03. What Can You Actually Run Locally?
The Capability Range
Local AI isn't one thing—it's a spectrum of capability depending on your hardware. The same model runs differently on different machines, and different models have different requirements.
Small models (0.5B - 3B parameters):
- Run on CPUs with 8GB+ RAM
- Accessible to almost any modern machine
- Good for simple tasks: summarization, classification, basic generation
- Example models: Phi-2, TinyLlama, Qwen2-0.5B
Medium models (7B - 13B parameters):
- Run on modern laptops with 16GB+ RAM (using quantization)
- Run well on gaming GPUs (GTX 1060, RTX 3060, and better)
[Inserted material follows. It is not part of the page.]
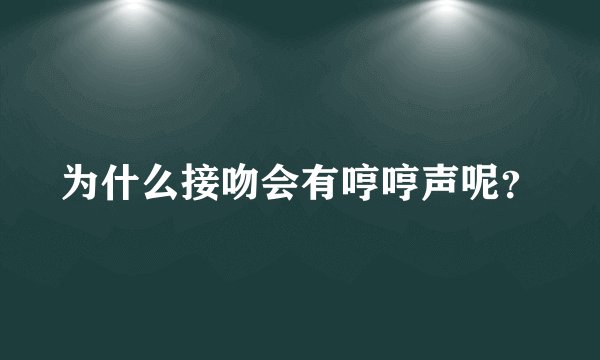 为什么接吻会有哼哼声呢?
- Capable of coherent conversation, code generation, writing assistance
- Example models: Llama 3.2 7B, Mistral 7B, Phi-3.5 7B
Large models (30B - 70B parameters):
- Require dedicated GPU with 12GB+ VRAM minimum
- Top performance for local: approaches cloud quality on many tasks
- Example models: Llama 3.1 70B, Mistral Large, Command R+
Very large models (100B+ parameters):
- Require high-end GPUs (RTX 4090, A100) with significant VRAM
- Quantization essential—even then, hardware is a serious constraint
- For most users, this isn't practical yet
Real-World Performance Expectations
Here are concrete numbers from real hardware:
On a laptop with 16GB RAM and integrated graphics (no GPU):
- TinyLlama (1.1B): 5-10 tokens/second
- Phi-2 (2.7B): 3-6 tokens/second
- Usable for simple tasks with patience
On a mid-range gaming PC with RTX 3060 (12GB VRAM):
- Llama 3.2 7B (Q4 quantization): 20-30 tokens/second
- Mistral 7B (Q4): 25-35 tokens/second
- Real-time conversation feel
On a high-end GPU (RTX 4090, 24GB VRAM):
- Llama 3.2 13B (Q4): 40-60 tokens/second
- Llama 3.1 70B (Q4): 15-25 tokens/second
- Capable for serious work
Token speed guide:
- <5 tok/s: noticeably slow, but usable for non-interactive tasks
- 5-15 tok/s: conversational with slight delay
- 15-30 tok/s: feels responsive
- 30+ tok/s: feels snappy
Practical Recommendations
For a first local AI setup:
- Check your hardware first (we'll cover this in Chapter 7)
- Start with a 7B model - good capability-to-requirements ratio
- Use 4-bit quantization - significant quality for minimal hardware hit
- Adjust expectations - local 7B != cloud 70B, but it's close enough for many tasks
The question isn't "can I run local AI" but "which model can I run that will be useful for my needs." For most users, the answer is "yes, a 7B model with quantization."
Run a benchmark on your current machine. Use a tool like ollama (we'll install it in Chapter 8) and run a simple prompt with a small model, measuring how many tokens per second you get. This gives you real numbers for what your hardware can handle.